Eine Arbeitgeberin darf seinem Arbeitnehmer grundsätzlich nicht vorschreiben, welche Meinungen er äussern darf und welche nicht. Diese Freiheit gilt aber nicht grenzenlos, vielmehr hat sich der Arbeitnehmer an die arbeitsrechtliche Treuepflicht zu halten, die je nach Art des Unternehmens unterschiedlich weit gehen kann. Wer schliesslich ein öffentliches Amt ausübt, hat Anrecht auf freie Tage.

Wer sich politisch engagiert, übt seine verfassungsrechtlich geschützte Meinungsfreiheit aus. Die Arbeitgeberin darf nur dann eingreifen, wenn der Arbeitnehmer mit seinen Äusserungen die arbeitsrechtliche Treuepflicht verletzt. Besteht das politische Engagement in der Ausübung eines öffentlichen Amts und ist der Arbeitnehmer deswegen an seiner Arbeitsleistung verhindert, hat er Anspruch auf freie und bezahlte Tage.

Treuepflicht kann politisches Engagement begrenzen

Ein Arbeitnehmer darf seine politische Meinung auch dann äussern, wenn diese nicht jener des Chefs entspricht. Allerdings darf der Arbeitnehmer mit seinen Meinungsäusserungen die arbeitsvertragliche Treuepflicht nicht verletzen. Er muss seine Arbeit gemäss Vertrag erbringen und gewährleisten, dass er mit seinem Engagement die Zusammenarbeit im Betrieb nicht wesentlich stören.

In keinem Fall akzeptieren muss die Arbeitgeberin strafrechtlich relevante Äusserungen. So darf sie etwa verlangen, dass der Arbeitnehmer mit seinen Äusserungen keine Personen wegen deren Rasse, Ethnie, Religion oder sexuellen Orientierung diskriminiert.

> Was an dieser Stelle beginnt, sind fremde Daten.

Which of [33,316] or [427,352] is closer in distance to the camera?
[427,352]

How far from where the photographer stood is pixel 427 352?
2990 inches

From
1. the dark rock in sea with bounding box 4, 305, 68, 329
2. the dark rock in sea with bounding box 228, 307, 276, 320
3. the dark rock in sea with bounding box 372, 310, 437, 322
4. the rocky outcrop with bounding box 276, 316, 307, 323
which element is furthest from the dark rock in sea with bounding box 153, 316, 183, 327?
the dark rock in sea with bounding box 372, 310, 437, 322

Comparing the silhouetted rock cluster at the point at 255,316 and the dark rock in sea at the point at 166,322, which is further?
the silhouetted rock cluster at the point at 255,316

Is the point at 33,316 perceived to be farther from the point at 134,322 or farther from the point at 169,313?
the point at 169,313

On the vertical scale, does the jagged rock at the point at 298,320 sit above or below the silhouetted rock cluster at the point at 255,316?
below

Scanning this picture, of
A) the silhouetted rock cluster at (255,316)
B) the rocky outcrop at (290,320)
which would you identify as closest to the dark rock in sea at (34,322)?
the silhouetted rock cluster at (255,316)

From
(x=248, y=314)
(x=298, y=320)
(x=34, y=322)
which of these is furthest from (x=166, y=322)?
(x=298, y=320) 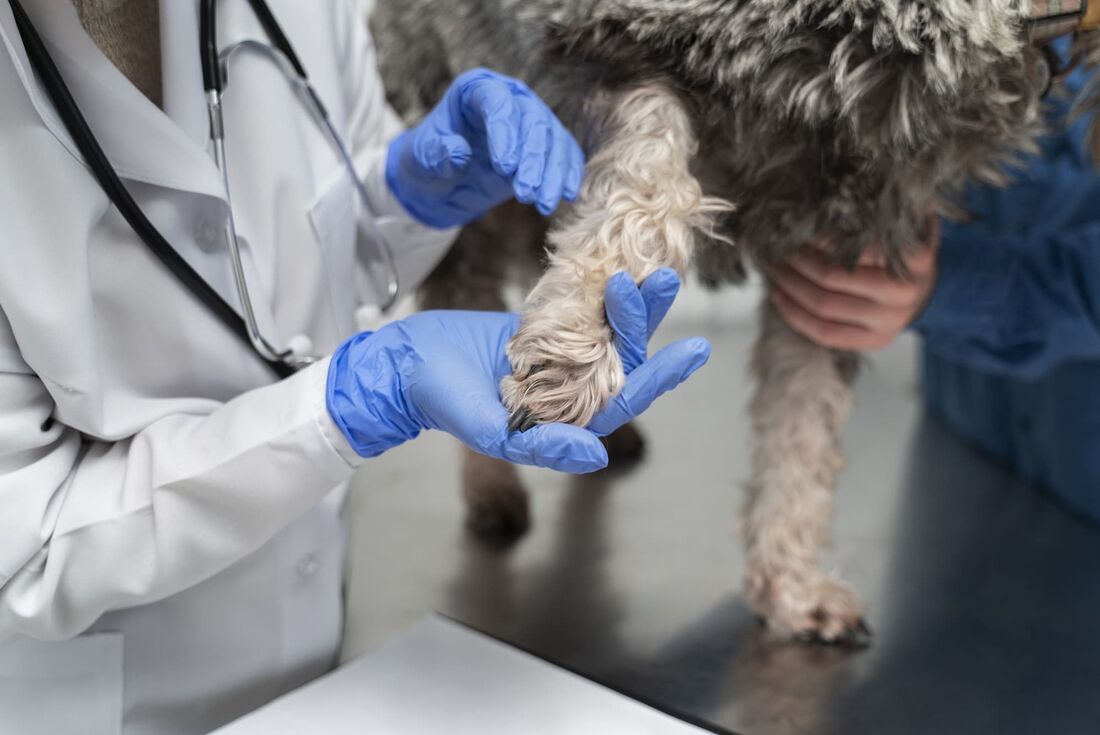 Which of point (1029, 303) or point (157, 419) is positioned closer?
point (157, 419)

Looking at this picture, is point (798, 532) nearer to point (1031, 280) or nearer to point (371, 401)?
point (1031, 280)

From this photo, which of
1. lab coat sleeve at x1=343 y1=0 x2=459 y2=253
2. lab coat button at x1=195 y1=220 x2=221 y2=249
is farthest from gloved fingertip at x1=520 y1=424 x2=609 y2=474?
lab coat sleeve at x1=343 y1=0 x2=459 y2=253

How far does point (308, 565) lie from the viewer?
0.77 m

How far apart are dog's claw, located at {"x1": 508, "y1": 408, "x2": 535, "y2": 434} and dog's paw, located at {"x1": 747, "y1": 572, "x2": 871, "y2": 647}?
0.46 metres

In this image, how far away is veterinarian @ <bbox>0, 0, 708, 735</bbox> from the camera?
0.62 m

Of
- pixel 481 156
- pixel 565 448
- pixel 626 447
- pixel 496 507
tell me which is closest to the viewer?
pixel 565 448

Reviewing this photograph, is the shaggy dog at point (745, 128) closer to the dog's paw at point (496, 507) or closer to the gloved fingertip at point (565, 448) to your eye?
the gloved fingertip at point (565, 448)

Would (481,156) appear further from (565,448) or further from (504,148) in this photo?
(565,448)

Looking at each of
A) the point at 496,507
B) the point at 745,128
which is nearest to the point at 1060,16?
the point at 745,128

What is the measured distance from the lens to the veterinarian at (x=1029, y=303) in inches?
37.7

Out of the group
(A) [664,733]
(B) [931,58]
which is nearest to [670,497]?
(A) [664,733]

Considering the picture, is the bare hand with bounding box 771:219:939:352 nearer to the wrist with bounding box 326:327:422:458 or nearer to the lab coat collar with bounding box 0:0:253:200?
the wrist with bounding box 326:327:422:458

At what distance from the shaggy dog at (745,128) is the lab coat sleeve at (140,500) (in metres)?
0.16

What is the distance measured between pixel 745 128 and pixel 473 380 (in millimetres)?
276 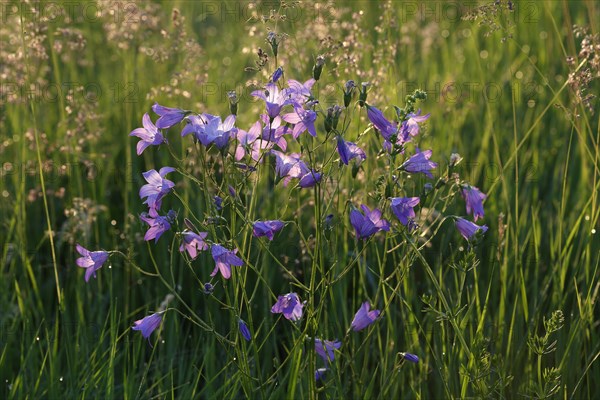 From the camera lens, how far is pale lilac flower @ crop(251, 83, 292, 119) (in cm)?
187

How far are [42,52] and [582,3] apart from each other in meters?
3.12

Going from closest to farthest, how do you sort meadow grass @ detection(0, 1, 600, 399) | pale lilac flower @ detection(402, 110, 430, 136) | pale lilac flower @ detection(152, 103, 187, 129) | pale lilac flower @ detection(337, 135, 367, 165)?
pale lilac flower @ detection(337, 135, 367, 165) < pale lilac flower @ detection(152, 103, 187, 129) < pale lilac flower @ detection(402, 110, 430, 136) < meadow grass @ detection(0, 1, 600, 399)

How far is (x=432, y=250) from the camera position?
10.5 feet

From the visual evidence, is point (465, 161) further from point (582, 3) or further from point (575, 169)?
point (582, 3)

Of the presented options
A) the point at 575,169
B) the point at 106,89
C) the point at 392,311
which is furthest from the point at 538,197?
the point at 106,89

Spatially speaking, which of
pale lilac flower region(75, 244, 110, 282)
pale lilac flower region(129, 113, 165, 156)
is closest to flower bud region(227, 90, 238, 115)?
pale lilac flower region(129, 113, 165, 156)

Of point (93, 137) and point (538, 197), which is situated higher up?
point (93, 137)

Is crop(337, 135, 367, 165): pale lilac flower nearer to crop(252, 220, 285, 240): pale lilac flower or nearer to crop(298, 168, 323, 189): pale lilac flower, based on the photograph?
crop(298, 168, 323, 189): pale lilac flower

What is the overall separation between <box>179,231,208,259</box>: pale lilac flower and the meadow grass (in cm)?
5

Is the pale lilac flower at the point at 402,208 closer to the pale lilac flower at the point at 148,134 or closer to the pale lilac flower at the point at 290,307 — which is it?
the pale lilac flower at the point at 290,307

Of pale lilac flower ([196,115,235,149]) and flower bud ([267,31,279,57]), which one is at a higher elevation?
flower bud ([267,31,279,57])

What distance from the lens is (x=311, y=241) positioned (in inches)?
91.6

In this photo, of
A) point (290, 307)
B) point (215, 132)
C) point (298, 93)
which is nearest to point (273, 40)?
point (298, 93)

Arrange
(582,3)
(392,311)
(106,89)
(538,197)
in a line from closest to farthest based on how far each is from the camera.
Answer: (392,311), (538,197), (106,89), (582,3) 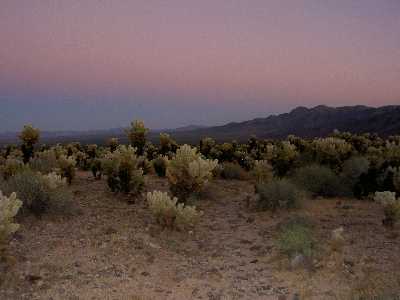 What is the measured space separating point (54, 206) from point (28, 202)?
22.4 inches

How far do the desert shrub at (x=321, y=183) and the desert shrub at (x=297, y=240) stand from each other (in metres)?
4.79

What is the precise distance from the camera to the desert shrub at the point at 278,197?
10969 millimetres

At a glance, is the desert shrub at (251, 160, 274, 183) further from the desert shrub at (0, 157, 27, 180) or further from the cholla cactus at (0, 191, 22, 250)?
the cholla cactus at (0, 191, 22, 250)

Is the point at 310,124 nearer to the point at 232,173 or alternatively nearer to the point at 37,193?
the point at 232,173

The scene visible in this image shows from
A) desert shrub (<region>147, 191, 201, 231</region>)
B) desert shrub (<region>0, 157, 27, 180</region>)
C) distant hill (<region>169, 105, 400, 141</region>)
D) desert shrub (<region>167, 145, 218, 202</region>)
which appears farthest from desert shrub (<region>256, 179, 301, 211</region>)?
distant hill (<region>169, 105, 400, 141</region>)

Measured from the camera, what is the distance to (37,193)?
9.01m

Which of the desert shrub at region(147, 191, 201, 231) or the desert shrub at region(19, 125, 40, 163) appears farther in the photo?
the desert shrub at region(19, 125, 40, 163)

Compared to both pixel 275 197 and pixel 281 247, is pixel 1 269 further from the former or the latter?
pixel 275 197

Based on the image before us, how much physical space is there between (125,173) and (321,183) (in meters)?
6.29

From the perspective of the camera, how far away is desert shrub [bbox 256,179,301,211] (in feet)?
36.0

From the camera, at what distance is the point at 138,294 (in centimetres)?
604

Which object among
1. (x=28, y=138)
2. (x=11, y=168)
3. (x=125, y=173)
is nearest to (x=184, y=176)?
(x=125, y=173)

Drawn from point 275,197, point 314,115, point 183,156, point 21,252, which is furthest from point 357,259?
point 314,115

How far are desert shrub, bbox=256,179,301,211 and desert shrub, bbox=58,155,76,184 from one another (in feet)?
21.5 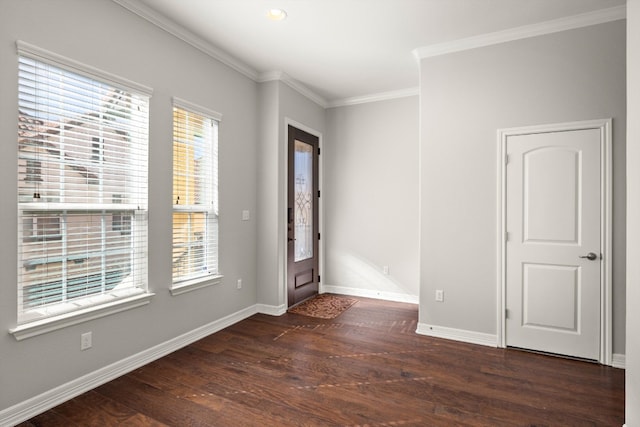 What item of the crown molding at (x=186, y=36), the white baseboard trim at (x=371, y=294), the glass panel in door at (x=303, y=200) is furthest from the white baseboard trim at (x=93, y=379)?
the crown molding at (x=186, y=36)

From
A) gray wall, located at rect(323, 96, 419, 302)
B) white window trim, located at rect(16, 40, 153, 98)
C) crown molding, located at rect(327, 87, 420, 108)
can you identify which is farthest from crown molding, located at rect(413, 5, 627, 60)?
white window trim, located at rect(16, 40, 153, 98)

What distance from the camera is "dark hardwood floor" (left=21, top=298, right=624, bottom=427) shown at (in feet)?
7.22

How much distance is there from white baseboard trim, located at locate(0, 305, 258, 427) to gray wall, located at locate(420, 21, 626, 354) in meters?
2.33

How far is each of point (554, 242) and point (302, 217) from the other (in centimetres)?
293

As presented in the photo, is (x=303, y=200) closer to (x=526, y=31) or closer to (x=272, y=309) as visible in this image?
Result: (x=272, y=309)

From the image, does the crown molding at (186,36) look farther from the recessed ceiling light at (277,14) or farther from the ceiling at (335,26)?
the recessed ceiling light at (277,14)

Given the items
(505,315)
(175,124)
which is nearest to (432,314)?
(505,315)

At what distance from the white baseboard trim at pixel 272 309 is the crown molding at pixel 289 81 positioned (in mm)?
2719

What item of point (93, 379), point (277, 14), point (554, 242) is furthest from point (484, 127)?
point (93, 379)

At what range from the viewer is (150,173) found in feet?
9.81

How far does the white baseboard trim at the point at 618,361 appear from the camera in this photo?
9.45 ft

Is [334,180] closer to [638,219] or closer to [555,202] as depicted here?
[555,202]

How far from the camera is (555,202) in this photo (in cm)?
310

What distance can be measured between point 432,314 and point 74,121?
3503mm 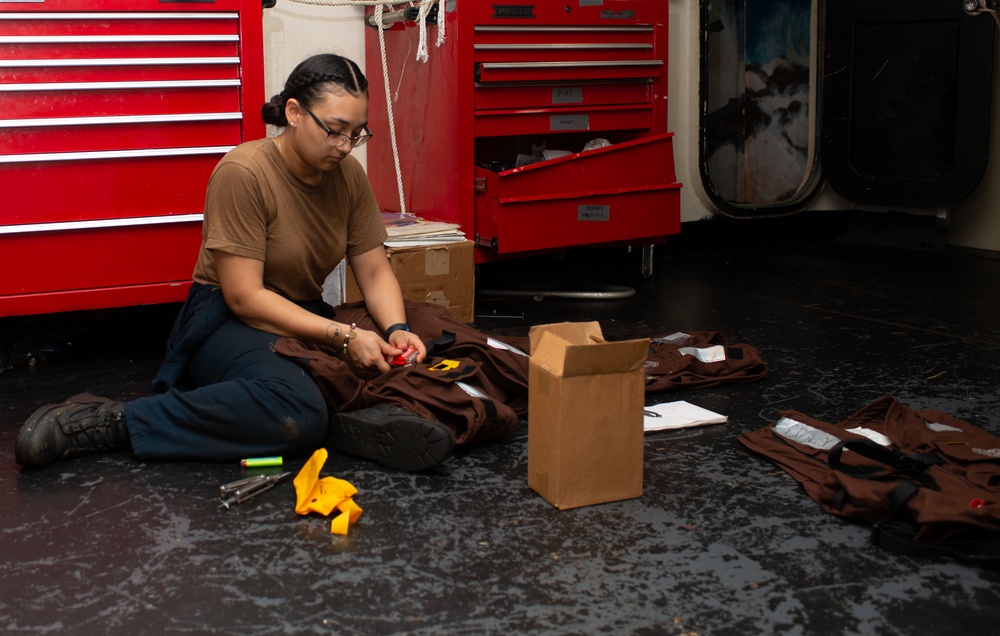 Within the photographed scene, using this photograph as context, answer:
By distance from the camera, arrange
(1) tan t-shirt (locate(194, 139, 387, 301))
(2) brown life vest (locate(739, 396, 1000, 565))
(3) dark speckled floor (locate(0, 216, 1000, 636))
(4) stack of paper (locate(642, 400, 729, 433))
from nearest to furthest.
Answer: (3) dark speckled floor (locate(0, 216, 1000, 636)) → (2) brown life vest (locate(739, 396, 1000, 565)) → (1) tan t-shirt (locate(194, 139, 387, 301)) → (4) stack of paper (locate(642, 400, 729, 433))

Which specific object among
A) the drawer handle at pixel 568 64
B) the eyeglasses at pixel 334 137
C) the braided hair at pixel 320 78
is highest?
the drawer handle at pixel 568 64

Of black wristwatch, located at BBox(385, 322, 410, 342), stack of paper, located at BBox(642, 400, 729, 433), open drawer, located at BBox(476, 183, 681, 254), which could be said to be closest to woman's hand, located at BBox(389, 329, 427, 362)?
black wristwatch, located at BBox(385, 322, 410, 342)

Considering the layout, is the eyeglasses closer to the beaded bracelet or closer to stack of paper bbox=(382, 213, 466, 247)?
the beaded bracelet

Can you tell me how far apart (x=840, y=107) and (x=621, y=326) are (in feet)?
7.27

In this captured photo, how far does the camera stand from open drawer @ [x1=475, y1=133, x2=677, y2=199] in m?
3.79

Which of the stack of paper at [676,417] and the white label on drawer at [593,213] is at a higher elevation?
the white label on drawer at [593,213]

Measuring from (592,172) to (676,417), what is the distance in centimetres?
156

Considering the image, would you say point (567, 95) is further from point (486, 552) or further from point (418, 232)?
point (486, 552)

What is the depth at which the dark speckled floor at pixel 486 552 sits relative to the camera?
164cm

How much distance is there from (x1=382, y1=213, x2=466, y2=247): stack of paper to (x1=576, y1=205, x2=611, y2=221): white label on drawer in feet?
1.55

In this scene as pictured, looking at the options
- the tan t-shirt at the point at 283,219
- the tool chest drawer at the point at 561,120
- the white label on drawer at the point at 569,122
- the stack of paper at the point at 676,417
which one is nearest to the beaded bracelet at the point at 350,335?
the tan t-shirt at the point at 283,219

Tendenzbetriebe können strengere Vorgaben machen

Eine Arbeitgeberin darf ihre Angestellten grundsätzlich nicht gegen deren Willen verpflichten, eine bestimmte politische Meinung zu äussern. Von diesem Grundsatz gibt es zwei Ausnahmen: Vertritt ein Arbeitnehmer das Unternehmen, etwa als Kadermitglied oder als Mediensprecherin, gegen aussen, kann die Arbeitgeberin den Inhalt der Kommunikation vorgeben. Handelt es sich um einen Betrieb mit einer eindeutigen politischen Ausrichtung, kann die Arbeitgeberin unabhängig von der jeweiligen Funktion verlangen, dass die Arbeitnehmer der Unternehmenspolitik zuwiderlaufende öffentliche Äusserungen unterlassen. (Siehe auch: «Darf mir mein Chef verbieten, Leserbriefe zu schreiben?»)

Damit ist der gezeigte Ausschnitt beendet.